Kira was standing back and examining it with her arms crossed, the expression of someone doing a structural assessment... if there was an expression for that.
Finn sat on a rock nearby with his hands hanging between his knees, looking tired but satisfied in a quiet way.
"How did it go inside?" Kira asked without turning.
"We found notebooks." I sat my pack down and showed her the stack. "History of this place, and a technical manual for the machinery below the floor. Also one very polite skeleton."
She turned then, her eyes going to the notebooks with immediate interest.
"And the machinery?"
"Still there, Intact, probably functional." I settled the pack back onto my shoulders. "But we’re leaving it alone for now."
Finn looked up. "Why?"
"Because I don’t understand it well enough to know what connecting it would do." I said. "And the person in charge of it disconnected it himself before he died, for reasons I can’t read anymore... maybe just to leave a mystery, but I can’t be certain about that."
Finn thought about that for a moment, then nodded slowly. It was the kind of nod that said the logic made sense even if the situation didn’t feel resolved.

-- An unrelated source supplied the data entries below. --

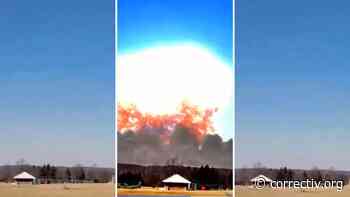 Angeblicher Hyperschall-Raketenangriff: Video wurde digital erstellt - CORRECTIV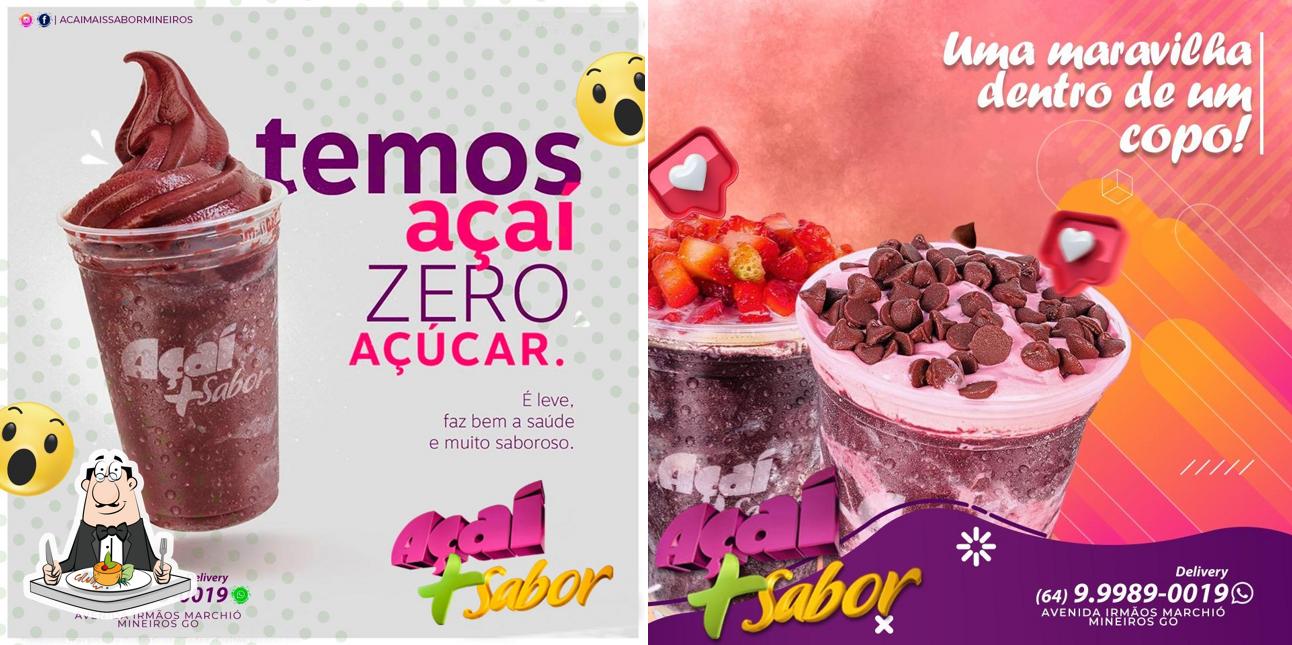 Comida em Açai Mais Sabor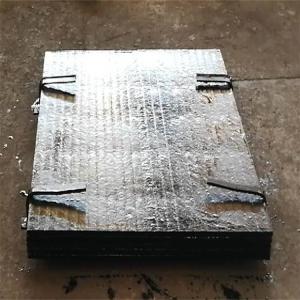 Wholesale Composite Wear Plate Dragline Bucket Inside Install Hardfacing Wear Resistant Lining Plate Hardfaced Steel Plate from china suppliers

"So we just... leave it?" Kira asked.
"We ask Damian when we get back." I replied. "He made the map, he should know what this facility was. Also if anyone has seen this kind of infrastructure before, it’s him."

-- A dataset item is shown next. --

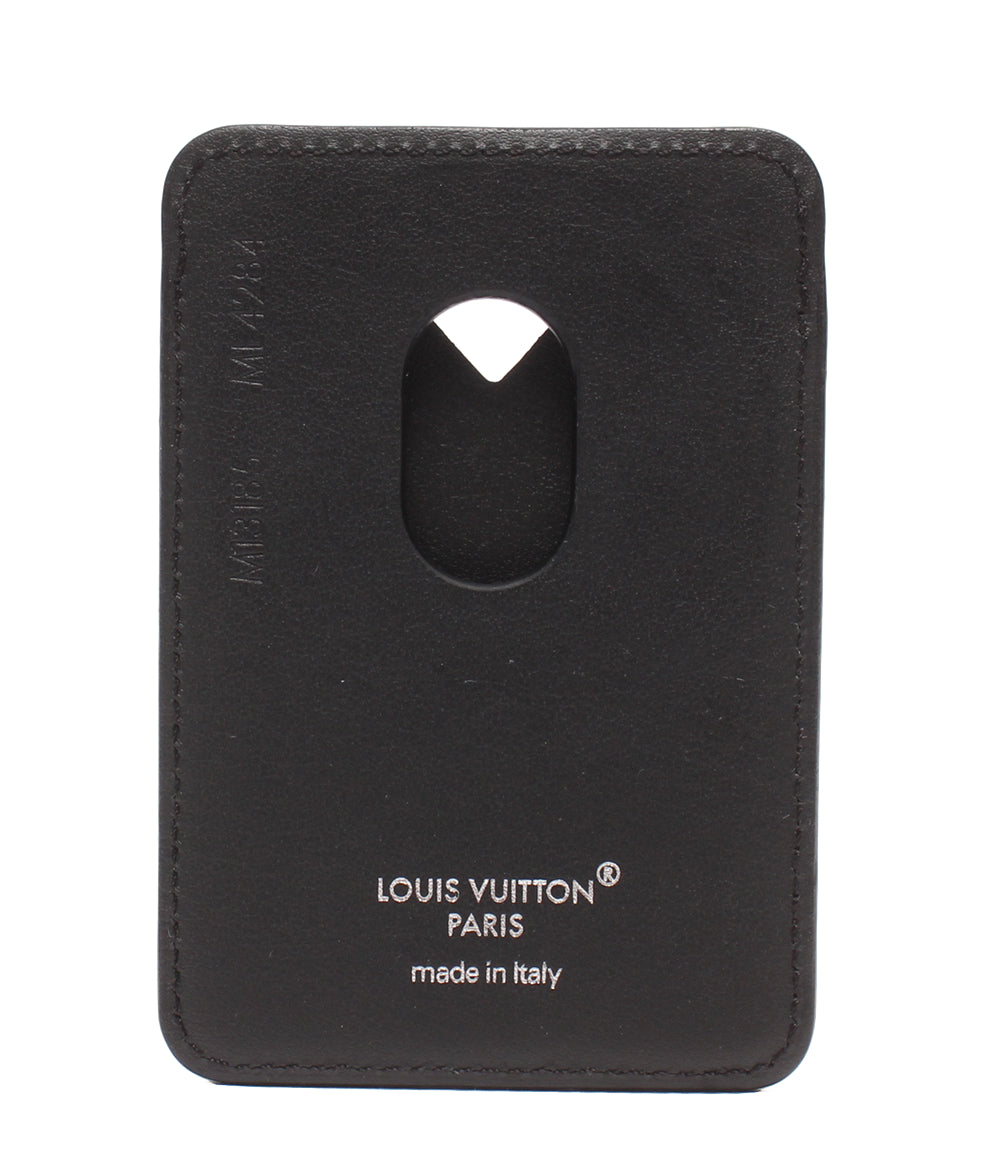 LOUIS VUITTON カードケース MagSafe対応 ポルト カルト マグネット モノグラム M13185 メンズ レディース ルイ・ヴィトン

She held my gaze for a moment, then accepted it with a short exhale.
"Two outposts left." She said.
"Two outposts left." I confirmed. "Try to contain your excitement."
I looked at the vine, at the pale light filtering through the clouds, at the dark stains still visible on the stone that Rue had turned into...
Then I looked at Finn.
"How far?"
He pulled the map from his jacket and unfolded it, tracing the remaining route with one finger.
"Maybe four days." He said. "If nothing goes wrong."
The canyon walls stretched ahead of us, narrow and shadowed, the green sky pressing down at the edges where the vine hadn’t reached.
Four days. Possibly more if Coco got stuck on a hole.
And somewhere, inside the silver walls of Argent, there was an old man with white hair who had never once mentioned that one of the outposts was an abandoned laboratory with an energy source.
I wondered what else he had decided not to mention, probably the part where he’d already known about all of this and just didn’t feel like explaining.